Exercise requirements - From the first line to the last, print the data exactly as written.

Source information -
○ ○ ○

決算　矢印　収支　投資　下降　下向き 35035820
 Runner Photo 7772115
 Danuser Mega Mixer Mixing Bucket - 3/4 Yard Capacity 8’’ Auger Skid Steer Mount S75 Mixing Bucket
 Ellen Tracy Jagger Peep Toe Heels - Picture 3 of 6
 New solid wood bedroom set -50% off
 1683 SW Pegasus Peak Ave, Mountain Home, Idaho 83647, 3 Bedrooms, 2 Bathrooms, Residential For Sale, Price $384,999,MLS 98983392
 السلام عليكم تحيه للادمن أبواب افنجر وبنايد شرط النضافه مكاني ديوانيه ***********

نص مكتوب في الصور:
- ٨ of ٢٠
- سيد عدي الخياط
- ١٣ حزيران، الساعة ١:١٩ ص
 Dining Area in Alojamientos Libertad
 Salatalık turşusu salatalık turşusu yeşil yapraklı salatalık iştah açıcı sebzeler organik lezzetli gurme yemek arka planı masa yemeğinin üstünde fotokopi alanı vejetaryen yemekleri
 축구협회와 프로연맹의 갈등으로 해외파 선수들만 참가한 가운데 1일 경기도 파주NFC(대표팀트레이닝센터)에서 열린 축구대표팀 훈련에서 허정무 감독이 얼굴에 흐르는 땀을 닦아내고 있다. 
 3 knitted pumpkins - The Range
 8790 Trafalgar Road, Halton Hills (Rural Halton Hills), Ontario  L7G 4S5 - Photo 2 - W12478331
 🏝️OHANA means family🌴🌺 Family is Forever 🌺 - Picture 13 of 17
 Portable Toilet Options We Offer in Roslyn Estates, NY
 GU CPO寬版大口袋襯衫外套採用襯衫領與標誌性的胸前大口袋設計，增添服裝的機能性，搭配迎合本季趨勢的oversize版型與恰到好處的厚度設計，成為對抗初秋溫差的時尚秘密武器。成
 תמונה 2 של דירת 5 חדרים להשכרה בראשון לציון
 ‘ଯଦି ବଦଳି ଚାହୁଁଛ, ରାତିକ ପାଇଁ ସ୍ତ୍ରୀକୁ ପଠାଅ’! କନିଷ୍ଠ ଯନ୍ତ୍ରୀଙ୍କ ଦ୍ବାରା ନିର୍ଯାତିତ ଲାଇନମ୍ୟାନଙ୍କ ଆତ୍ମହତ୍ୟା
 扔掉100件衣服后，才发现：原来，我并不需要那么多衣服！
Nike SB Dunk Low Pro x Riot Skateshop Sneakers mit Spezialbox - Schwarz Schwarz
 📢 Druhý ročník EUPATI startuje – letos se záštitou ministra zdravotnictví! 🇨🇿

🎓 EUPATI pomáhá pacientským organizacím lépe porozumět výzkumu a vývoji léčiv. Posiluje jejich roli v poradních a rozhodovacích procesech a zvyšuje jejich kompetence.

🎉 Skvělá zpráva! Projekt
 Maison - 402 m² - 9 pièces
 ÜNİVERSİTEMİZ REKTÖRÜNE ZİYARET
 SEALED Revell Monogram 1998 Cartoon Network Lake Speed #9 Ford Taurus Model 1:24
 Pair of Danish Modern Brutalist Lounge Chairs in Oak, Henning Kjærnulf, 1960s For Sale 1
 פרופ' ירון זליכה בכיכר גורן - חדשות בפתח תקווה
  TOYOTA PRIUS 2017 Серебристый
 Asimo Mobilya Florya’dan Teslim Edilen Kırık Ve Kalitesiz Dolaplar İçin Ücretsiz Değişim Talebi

○ ○ ○

Output for this task -
決算　矢印　収支　投資　下降　下向き 35035820
 Runner Photo 7772115
 Danuser Mega Mixer Mixing Bucket - 3/4 Yard Capacity 8’’ Auger Skid Steer Mount S75 Mixing Bucket
 Ellen Tracy Jagger Peep Toe Heels - Picture 3 of 6
 New solid wood bedroom set -50% off
 1683 SW Pegasus Peak Ave, Mountain Home, Idaho 83647, 3 Bedrooms, 2 Bathrooms, Residential For Sale, Price $384,999,MLS 98983392
 السلام عليكم تحيه للادمن أبواب افنجر وبنايد شرط النضافه مكاني ديوانيه ***********

نص مكتوب في الصور:
- ٨ of ٢٠
- سيد عدي الخياط
- ١٣ حزيران، الساعة ١:١٩ ص
 Dining Area in Alojamientos Libertad
 Salatalık turşusu salatalık turşusu yeşil yapraklı salatalık iştah açıcı sebzeler organik lezzetli gurme yemek arka planı masa yemeğinin üstünde fotokopi alanı vejetaryen yemekleri
 축구협회와 프로연맹의 갈등으로 해외파 선수들만 참가한 가운데 1일 경기도 파주NFC(대표팀트레이닝센터)에서 열린 축구대표팀 훈련에서 허정무 감독이 얼굴에 흐르는 땀을 닦아내고 있다. 
 3 knitted pumpkins - The Range
 8790 Trafalgar Road, Halton Hills (Rural Halton Hills), Ontario  L7G 4S5 - Photo 2 - W12478331
 🏝️OHANA means family🌴🌺 Family is Forever 🌺 - Picture 13 of 17
 Portable Toilet Options We Offer in Roslyn Estates, NY
 GU CPO寬版大口袋襯衫外套採用襯衫領與標誌性的胸前大口袋設計，增添服裝的機能性，搭配迎合本季趨勢的oversize版型與恰到好處的厚度設計，成為對抗初秋溫差的時尚秘密武器。成
 תמונה 2 של דירת 5 חדרים להשכרה בראשון לציון
 ‘ଯଦି ବଦଳି ଚାହୁଁଛ, ରାତିକ ପାଇଁ ସ୍ତ୍ରୀକୁ ପଠାଅ’! କନିଷ୍ଠ ଯନ୍ତ୍ରୀଙ୍କ ଦ୍ବାରା ନିର୍ଯାତିତ ଲାଇନମ୍ୟାନଙ୍କ ଆତ୍ମହତ୍ୟା
 扔掉100件衣服后，才发现：原来，我并不需要那么多衣服！
Nike SB Dunk Low Pro x Riot Skateshop Sneakers mit Spezialbox - Schwarz Schwarz
 📢 Druhý ročník EUPATI startuje – letos se záštitou ministra zdravotnictví! 🇨🇿

🎓 EUPATI pomáhá pacientským organizacím lépe porozumět výzkumu a vývoji léčiv. Posiluje jejich roli v poradních a rozhodovacích procesech a zvyšuje jejich kompetence.

🎉 Skvělá zpráva! Projekt
 Maison - 402 m² - 9 pièces
 ÜNİVERSİTEMİZ REKTÖRÜNE ZİYARET
 SEALED Revell Monogram 1998 Cartoon Network Lake Speed #9 Ford Taurus Model 1:24
 Pair of Danish Modern Brutalist Lounge Chairs in Oak, Henning Kjærnulf, 1960s For Sale 1
 פרופ' ירון זליכה בכיכר גורן - חדשות בפתח תקווה
  TOYOTA PRIUS 2017 Серебристый
 Asimo Mobilya Florya’dan Teslim Edilen Kırık Ve Kalitesiz Dolaplar İçin Ücretsiz Değişim Talebi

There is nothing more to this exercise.